Political correctness jumped the shark long ago, and now we must simply suffer through one absurd controversy after another in the crusade to perfect society.

Attorney General Jeff Sessions got himself in hot water for saying in a speech to the National Sheriffs’ Association Monday that the position of sheriff is a part of the “Anglo-American heritage of law enforcement.”

Social justice warriors immediately denounced Sessions’ language as dog-whistling, and asserted that the attorney general was a racist for using “Anglo-American” in his speech.

“[Sessions’] decision to link the term sheriff to some part ‘of the Anglo-American heritage of law enforcement,’ is an unfortunate yet consistent aspect of the language coming out of the Department of Justice under his tenure and in the opinion of the NAACP, qualifies as the latest example of dog whistle politics,” the NAACP said in a statement.

While “Anglo-American” legal system is likely not a phrase typically used in conversation, it is a perfectly acceptable way to describe America’s common law jurisprudence as defined by the Encyclopedia Britannica.

It’s certainly applicable to the office of sheriff, which is derived from the use of the so-called “shire reeve,” a local official tasked with keeping the peace, in medieval England.
David B. Kopel wrote for Reason how successful the office of sheriff in the Anglo-American legal tradition has been:

Sessions was exactly right in praising the Anglo-American tradition of ‘the independently elected sheriff. … the people’s protector, who keeps law enforcement close to and accountable to people through the elected process.’ As in many fields of law, such as freedom of the press, American has built on its English legal foundation—taking good principles, and strengthening and extending them.

The Anglo-American legal tradition has been a blessing to humanity, one of the prime reasons that the United States, Great Britain, and a few other nations have enjoyed such success over the last two centuries.
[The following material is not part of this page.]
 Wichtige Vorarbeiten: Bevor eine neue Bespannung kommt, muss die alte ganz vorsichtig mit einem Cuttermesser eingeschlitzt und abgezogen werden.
That didn’t stop the mob from twisting this innocuous phrase into something sinister.

Sessions’ accurate, factual, and what should have been a decidedly uncontroversial statement about the American legal system brought the verbal police out in force.

Other various progressives howled on Twitter, again asserting that the phrase was racist and perhaps a fireable offense.

Not everyone on the left was willing to join in on the chorus. The liberal New Republic actually suggested that livid activists cool down on this particular charge of racism.

The New Republic’s Matt Ford wrote, “Jeff Sessions’s ‘Anglo-American’ remark wasn’t inherently racist,” and ultimately concluded: “In the context of legal history, [Sessions’] choice of words doesn’t necessarily convey racist sentiment—and given his decades of experience in the law, he’s surely familiar with that history.”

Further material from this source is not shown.